Diffusers and comb attachments are add-ons that, often, have to be purchased separately from a hair dryer. Though you could argue not everybody will use these, in my book it's always a good thing when they aren’t paid extras. So, while there's no comb on offer here, I'm happy to see a diffuser included as standard.

The attachments do feel slightly flimsy initially, particularly given the price tag of the dryer, but the most important thing is that they perform well – and after testing them all, I can say that that is definitely the case.

How does the Nicky Clarke AirStyle Pro Hair Dryer compare?

As for how it compares to other models on the market, with its small, pistol shape the AirStyle Pro is similar to new-gen dryers like mdlondon's BLOW Hair Dryer or Hershesons' The Great Hair Dryer. Like most dryers with this design, it’s also very quiet (in fact, Nicky Clarke’s AirStyle Pro is rated 2dB and 4dB quieter than the aforementioned tools respectively).

Though it’s not quite as slick, the curling barrels are equipped with similar tech to the Airwrap’s Coanda effect, which I’ll admit I wasn’t expecting and did impress me.
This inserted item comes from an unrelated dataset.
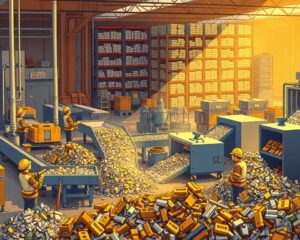 How Precious Metal Recycling Companies Serve the Dental Industry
It takes a bit more encouragement to get a section of hair to be drawn into the barrel than with Dyson’s attachments, but the styling technique is similar.

In my opinion, the Dyson Supersonic or Airwrap are superior tools – but this is reflected in their respective £329 and £480 price tags; many people are looking for similar alternatives that cost a bit less and, to an extent, this Nicky Clarke dryer does tick a few of the same boxes.

Should you buy the Nicky Clarke AirStyle Pro Hair Dryer?

To sum up, this model would suit someone who wants a lightweight and quiet hair dryer with some of the fun and added styling options of a multi-styler, but not a huge roster of attachments.

It would be a good option for someone who likes the idea of the Dyson Airwrap or Shark FlexStyle curling barrels but doesn't feel they need the brush attachments. It’s also a bit cheaper than both tools.

Though it has a powerful airflow, this can be made gentler with the diffuser attachment and its design lends itself well to travel. If all this sounds like your kind of tool, I don’t think you’d be disappointed by its styling abilities.

About this review and the reviewer

Lucy has been writing for magazines for just shy of eight years, covering all things beauty for most of that time. During her career, she’s covered backstage of several London Fashion Weeks, picked the brains of some of the country’s leading hairdressers, dermatologists and makeup artists, and interviewed many a celebrity about the contents of their makeup bags – not to mention reviewed hundreds of beauty products.

Hair tools are her bread and butter, and she’s tried dozens of hair dryers, straighteners, curling wands, tongs and co in her time, from the Dyson Airwrap to the ghd Glide. In other words, she’s very experienced in assessing these styling tools’ capabilities and knows what makes a great one (as well as a not-so-great one). When testing the Nicky Clarke AirStyle Pro Hair Dryer, she used it to dry her hair both smooth and straight and naturally curly, as well as testing out the curling barrels' technology.